これは、発行会社が経営破綻しても、利用者被害を最小限に抑えるための制度です。
該当するもの・該当しないもの
該当しやすいもの
- プリペイドカード
- 電子マネー
- チャージ式アプリ残高
- ECサイトウォレット
- 有償発行ポイント
通常は該当しないもの
- 無料配布クーポン
- 割引券
- スタンプカード
- 後払い決済
- クレジットカード
ただし、名称が「ポイント」でも、有償購入型であれば規制対象となる場合があります。名称ではなく実態判断が重要です。
事業者が見落としやすい実務ポイント
- キャンペーン用ポイントでも有償販売部分が混在している
- グループ会社利用で第三者型に該当する可能性がある
- 利用規約に払戻し禁止条項だけ入れて安心している
- 失効管理・残高管理体制が未整備
- 資金移動業との区別が曖昧
制度設計段階で確認せず開始すると、後から全面改修が必要になることもあります。
行政書士へ相談するメリット
前払式支払手段の制度は、IT・決済・会計・契約実務が交差する分野です。
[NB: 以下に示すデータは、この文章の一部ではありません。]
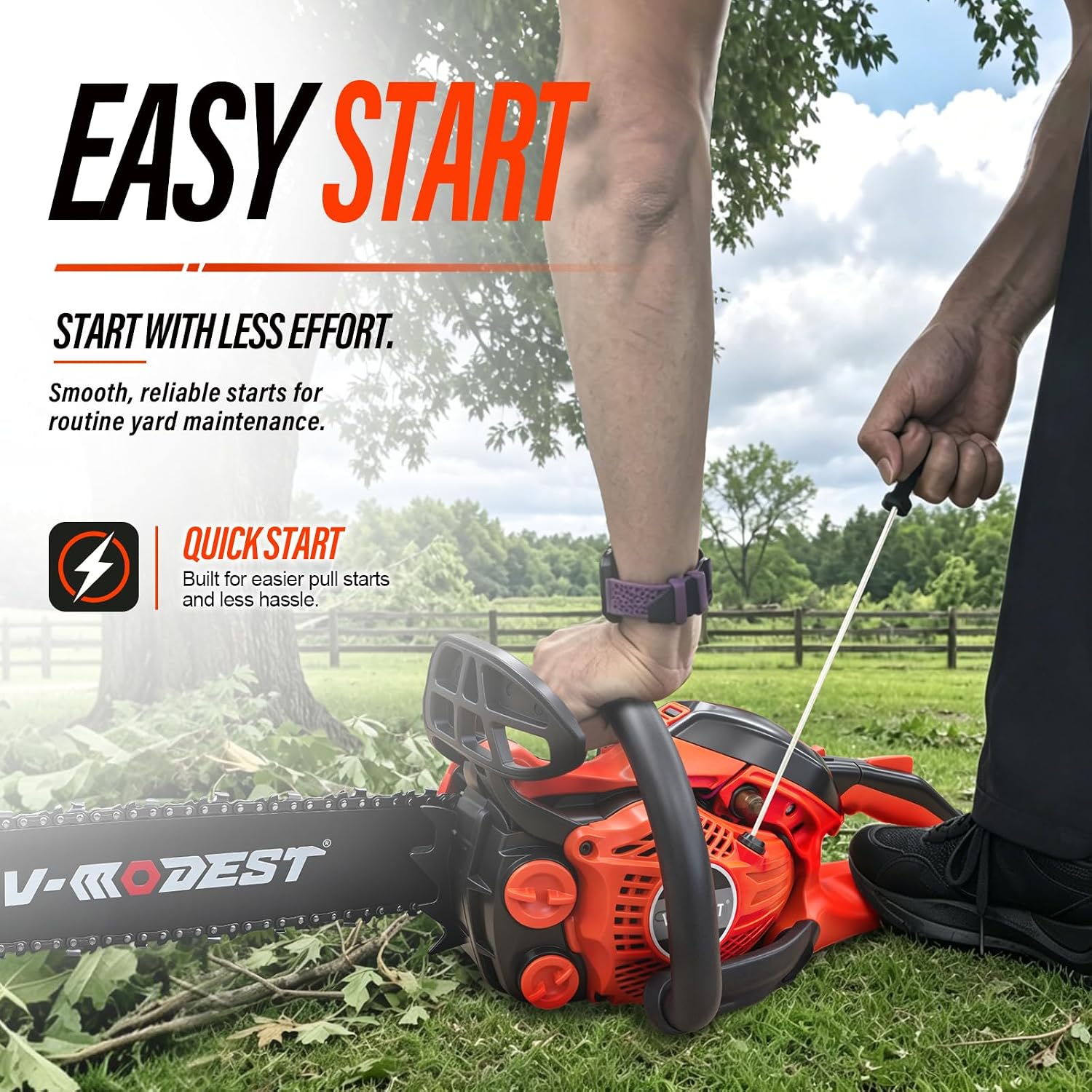 14 inch Gas Chainsaw, 25cc Lightweight Rear Handle Chainsaw photo 4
単に申請書を書くこと以上に、スキーム設計時の法適合性確認が重要です。
- 自家型か第三者型かの判定
- 届出・登録要否の確認
- 利用規約・約款整備
- 表示義務・残高管理体制整備
- 行政庁提出書類の作成支援
事前相談により、後戻りコストを大きく減らせます。
まとめ|プリペイド制度導入前に法的確認を
前払式支払手段は、販促・顧客囲い込み・キャッシュレス対応に有効な仕組みです。しかし、その裏側には利用者保護のための厳格な法規制があります。
特に確認すべきポイントは次の3点です。
- 有償で価値を発行していないか
- 自社限定か、他社でも使えるか
- 未使用残高や保全措置が必要か
商品券・電子ポイント・チャージ式サービスを始める前に、制度設計と法令確認を行うことが安全な第一歩です。
導入をご検討中の事業者様は、行政書士へ早めに相談されることをおすすめします。